What the exercise asks. Copy every line in the listing that contains "Women".

Dataset records.
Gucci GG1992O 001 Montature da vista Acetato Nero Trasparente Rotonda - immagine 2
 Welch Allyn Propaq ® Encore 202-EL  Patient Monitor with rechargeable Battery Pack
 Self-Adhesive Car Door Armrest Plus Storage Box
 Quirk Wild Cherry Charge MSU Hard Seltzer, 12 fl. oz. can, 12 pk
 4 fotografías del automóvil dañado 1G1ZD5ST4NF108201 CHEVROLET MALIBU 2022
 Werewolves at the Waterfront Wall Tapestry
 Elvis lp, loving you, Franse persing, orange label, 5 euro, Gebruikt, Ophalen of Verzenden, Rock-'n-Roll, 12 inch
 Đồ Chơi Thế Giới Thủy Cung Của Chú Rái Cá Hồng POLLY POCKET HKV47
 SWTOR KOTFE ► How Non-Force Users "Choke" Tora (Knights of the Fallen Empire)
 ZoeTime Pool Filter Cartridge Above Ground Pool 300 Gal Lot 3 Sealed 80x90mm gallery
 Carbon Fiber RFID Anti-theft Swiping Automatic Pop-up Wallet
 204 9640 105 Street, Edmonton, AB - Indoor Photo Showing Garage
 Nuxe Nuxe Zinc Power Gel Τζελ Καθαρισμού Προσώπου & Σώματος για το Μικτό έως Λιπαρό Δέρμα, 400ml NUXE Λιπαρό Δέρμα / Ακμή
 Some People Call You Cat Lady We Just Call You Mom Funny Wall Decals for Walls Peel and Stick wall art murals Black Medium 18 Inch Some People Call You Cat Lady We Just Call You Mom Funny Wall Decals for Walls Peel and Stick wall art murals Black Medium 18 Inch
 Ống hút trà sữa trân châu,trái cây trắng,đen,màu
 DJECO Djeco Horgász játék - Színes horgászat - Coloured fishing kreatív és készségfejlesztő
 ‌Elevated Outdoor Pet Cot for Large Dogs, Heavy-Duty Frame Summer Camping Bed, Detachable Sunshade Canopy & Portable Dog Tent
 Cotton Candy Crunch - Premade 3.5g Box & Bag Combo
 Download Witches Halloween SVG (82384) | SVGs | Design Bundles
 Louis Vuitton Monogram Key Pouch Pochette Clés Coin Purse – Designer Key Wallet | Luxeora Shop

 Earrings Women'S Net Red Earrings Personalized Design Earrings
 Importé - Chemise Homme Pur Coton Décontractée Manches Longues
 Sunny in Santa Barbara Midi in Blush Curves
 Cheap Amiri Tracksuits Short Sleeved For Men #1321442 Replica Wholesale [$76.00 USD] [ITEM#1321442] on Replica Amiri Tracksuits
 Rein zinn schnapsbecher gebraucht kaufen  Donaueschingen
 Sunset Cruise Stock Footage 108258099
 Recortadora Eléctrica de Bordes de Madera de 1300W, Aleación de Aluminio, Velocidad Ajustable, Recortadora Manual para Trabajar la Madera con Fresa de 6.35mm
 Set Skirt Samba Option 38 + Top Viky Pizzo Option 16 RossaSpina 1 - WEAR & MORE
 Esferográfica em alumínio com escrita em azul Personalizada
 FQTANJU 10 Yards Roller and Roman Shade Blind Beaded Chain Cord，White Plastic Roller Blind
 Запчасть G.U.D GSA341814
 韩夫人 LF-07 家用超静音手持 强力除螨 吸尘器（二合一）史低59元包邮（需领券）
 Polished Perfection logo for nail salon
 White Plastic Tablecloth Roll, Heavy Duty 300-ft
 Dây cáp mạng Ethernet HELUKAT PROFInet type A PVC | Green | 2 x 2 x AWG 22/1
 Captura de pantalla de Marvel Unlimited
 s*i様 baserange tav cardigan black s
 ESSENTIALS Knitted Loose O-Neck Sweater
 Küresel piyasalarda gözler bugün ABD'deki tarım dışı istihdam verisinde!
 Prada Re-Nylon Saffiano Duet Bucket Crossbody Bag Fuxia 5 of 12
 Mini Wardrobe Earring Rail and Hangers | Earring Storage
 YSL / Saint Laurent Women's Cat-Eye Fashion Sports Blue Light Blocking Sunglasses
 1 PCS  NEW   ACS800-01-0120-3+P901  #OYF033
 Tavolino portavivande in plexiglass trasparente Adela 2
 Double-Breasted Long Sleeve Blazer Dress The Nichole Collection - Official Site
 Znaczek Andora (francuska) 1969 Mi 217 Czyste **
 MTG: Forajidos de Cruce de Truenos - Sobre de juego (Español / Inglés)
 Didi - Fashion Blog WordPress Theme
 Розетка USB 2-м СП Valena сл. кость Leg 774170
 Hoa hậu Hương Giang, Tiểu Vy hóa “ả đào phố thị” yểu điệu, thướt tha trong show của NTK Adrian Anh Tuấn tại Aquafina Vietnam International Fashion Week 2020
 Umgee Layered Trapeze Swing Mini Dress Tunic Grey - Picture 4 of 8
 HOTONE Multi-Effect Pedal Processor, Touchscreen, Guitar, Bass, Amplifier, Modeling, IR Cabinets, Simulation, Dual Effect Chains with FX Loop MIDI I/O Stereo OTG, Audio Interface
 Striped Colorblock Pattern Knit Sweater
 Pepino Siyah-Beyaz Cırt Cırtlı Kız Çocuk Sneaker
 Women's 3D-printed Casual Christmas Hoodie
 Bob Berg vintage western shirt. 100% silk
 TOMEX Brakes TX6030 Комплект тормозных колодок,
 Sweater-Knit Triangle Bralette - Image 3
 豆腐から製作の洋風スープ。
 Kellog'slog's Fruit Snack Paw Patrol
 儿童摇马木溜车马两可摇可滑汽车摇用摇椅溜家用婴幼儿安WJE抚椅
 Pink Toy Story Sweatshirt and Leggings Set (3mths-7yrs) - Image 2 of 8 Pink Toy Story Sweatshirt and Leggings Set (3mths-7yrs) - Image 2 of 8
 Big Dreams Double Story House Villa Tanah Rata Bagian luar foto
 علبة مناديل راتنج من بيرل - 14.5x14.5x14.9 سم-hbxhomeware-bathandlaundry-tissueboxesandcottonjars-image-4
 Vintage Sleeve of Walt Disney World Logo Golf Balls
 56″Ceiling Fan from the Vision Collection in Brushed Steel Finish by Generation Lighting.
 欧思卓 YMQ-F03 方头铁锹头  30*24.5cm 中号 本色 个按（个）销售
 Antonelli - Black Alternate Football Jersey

Written reply.
 Earrings Women'S Net Red Earrings Personalized Design Earrings
 YSL / Saint Laurent Women's Cat-Eye Fashion Sports Blue Light Blocking Sunglasses
 Women's 3D-printed Casual Christmas Hoodie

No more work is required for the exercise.